Unsupervised Instrument Classification Using K-Means#
import librosa
import mir_eval
import numpy
from mirdotcom import mirdotcom
mirdotcom.init()
This tutorial is loosely based on Lab 3 (2010).
Read Audio#
Retrieve an audio file, load it into an array, and listen to it.
?urllib.urlretrieve
?librosa.load
?IPython.display.Audio
Detect Onsets#
Detect onsets in the audio signal:
?librosa.onset.onset_detect
Convert the onsets from units of frames to seconds (and samples):
?librosa.frames_to_time
?librosa.frames_to_samples
Listen to detected onsets:
?mir_eval.sonify.clicks
?IPython.display.Audio
Extract Features#
Extract a set of features from the audio at each onset. Use any of the features we have learned so far: zero crossing rate, spectral moments, MFCCs, chroma, etc.

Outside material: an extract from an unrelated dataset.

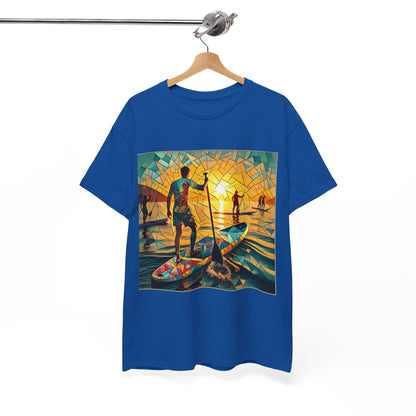 Stylish and elegant paddleboarding graphic on Luxury Paddleboarding Scene T-Shirt by Dazzling Dreams Studio, ideal for nature lovers.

For more, see the librosa API reference.
First, define which features to extract:
def extract_features(x, fs):
feature_1 = librosa.zero_crossings(x).sum() # placeholder
feature_2 = 0 # placeholder
return [feature_1, feature_2]
For each onset, extract a feature vector from the signal:
# Assumptions:
# x: input audio signal
# fs: sampling frequency
# onset_samples: onsets in units of samples
frame_sz = fs * 0.100
features = numpy.array(
[extract_features(x[i : i + frame_sz], fs) for i in onset_samples]
)
Scale Features#
Use sklearn.preprocessing.MinMaxScaler to scale your features to be within [-1, 1].
?sklearn.preprocessing.MinMaxScaler
?sklearn.preprocessing.MinMaxScaler.fit_transform
Plot Features#
Use scatter to plot features on a 2-D plane. (Choose two features at a time.)
?plt.scatter
Cluster Using K-Means#
Use KMeans to cluster your features and compute labels.
?sklearn.cluster.KMeans
?sklearn.cluster.KMeans.fit_predict
Plot Features by Class Label#
Use scatter, but this time choose a different marker color (or type) for each class.
?plt.scatter
Listen to Click Track#
Create a beep for each onset within a class:
beeps = mir_eval.sonify.clicks(onset_times[labels == 0], fs, length=len(x))
?IPython.display.Audio
Listen to Clustered Frames#
Use the concatenated_segments function from the feature sonification exercise to concatenate frames from the same cluster into one signal. Then listen to the signal.
def concatenate_segments(segments, fs=44100, pad_time=0.300):
padded_segments = [
numpy.concatenate([segment, numpy.zeros(int(pad_time * fs))])
for segment in segments
]
return numpy.concatenate(padded_segments)
concatenated_signal = concatenate_segments(segments, fs)
Compare across separate classes. What do you hear?
For Further Exploration#
Use a different number of clusters in KMeans.
Use a different initialization method in KMeans.
Use different features. Compare tonal features against timbral features.
?librosa.feature
Use different audio files.
# filename = '1_bar_funk_groove.mp3'
# filename = '58bpm.wav'
# filename = '125_bounce.wav'
# filename = 'prelude_cmaj_10s.wav'